Additionally, these support networks can be very advantageous when dealing with challenging students or situations. Collaboration is a tool that teachers don’t often get to use because of the lack of co-planning time. Having support networks in place will allow you to collaborate even if you don’t see each other much in the day.

Who is Your Support Network?

Teacher support networks can be a mix of teachers, administrators, and other school staff. You need to find those who you click with and can trust. You want people who build you up, not tear you down when you struggle the most.

Find those who support your goals. Are you passionate about trying new techniques in your classroom? Do you want to return to school to get your master’s degree? Don’t surround yourself with those who are fine with the status quo if you want to keep evolving.

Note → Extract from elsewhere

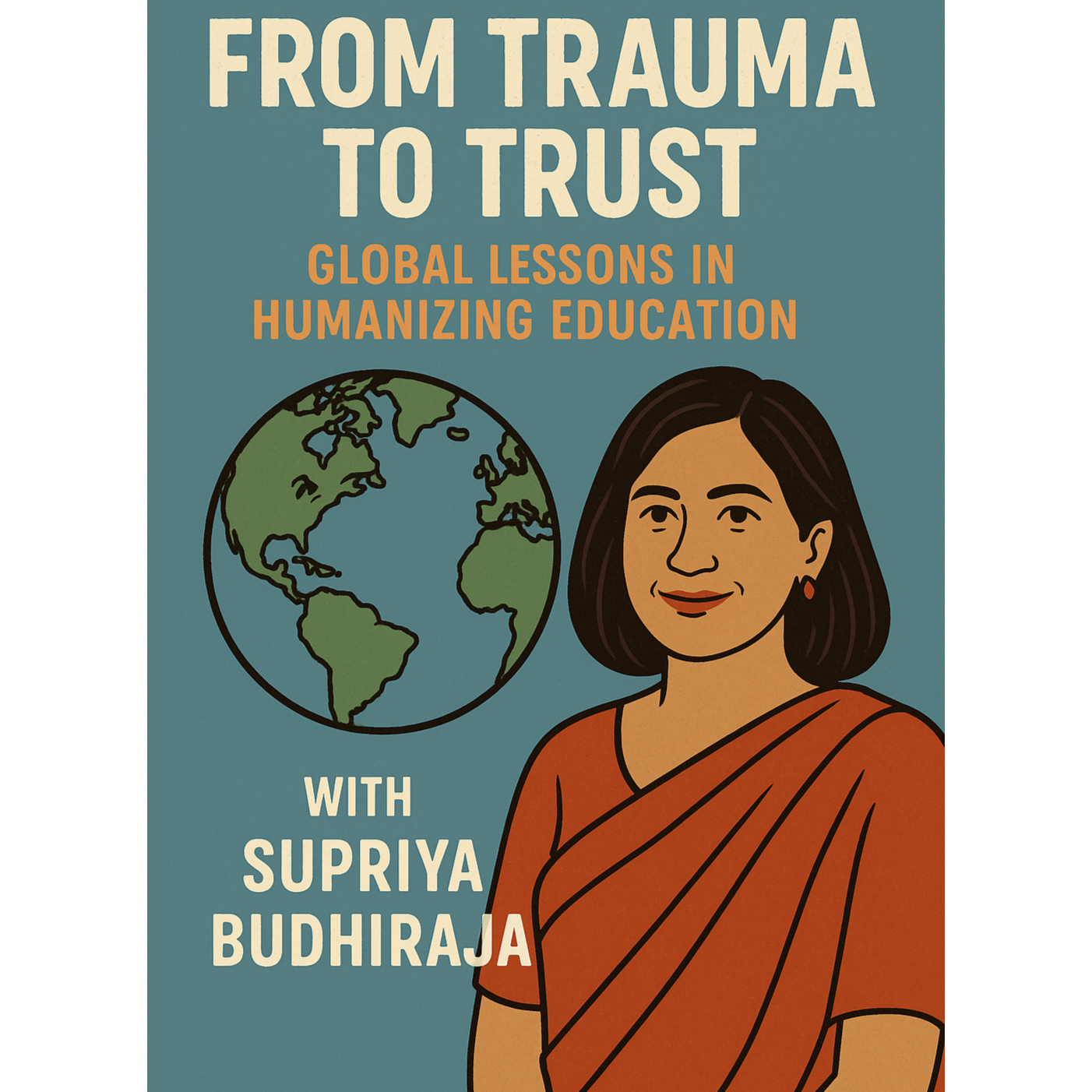 From Trauma to Trust: Global Lessons in Humanizing Education with Supriya Budhiraja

We have all had contact with “Debbie-Downers” and negative individuals in our lives. Your support network should positively influence your well-being, not pull you down.

These types of people can produce more stress for you instead of tranquility. You also want to make sure that those in your network are willing to share their struggles as well and need your support. You want it to be a reciprocal relationship. This is how trust will build among the group.

How to Build and Strengthen Your Support Network

It’s essential to always be building and expanding your network, especially your teacher support network. Teachers leave, new people start in your building, etc.

Make a list of those who are part of your support network and see if you are missing any critical areas in your group. Find others who are passionate about the same topics as you. You can bounce ideas off of one another and learn new strategies.

Build new relationships with your colleagues and maintain the close relationships that you have in your support network:

  • Be present for your co-workers
  • Be ready to listen and offer ideas
  • Be open to sharing your struggles with those in your group
  • Depend on them
  • Be vulnerable with them

Teaching is one of the most fulfilling and important professions in our world. Our students come from so many different backgrounds and are on all different levels. We strive to do our best every single day so that we can make a difference in our students’ lives.

Sometimes, the stress can get to be too much, which is why teacher wellness is vital. If you have a teacher support network, it can make all the difference. Having a core group to help you get through the tough times will make you a better teacher, help you to stay in the profession, and keep your teacher morale burning bright.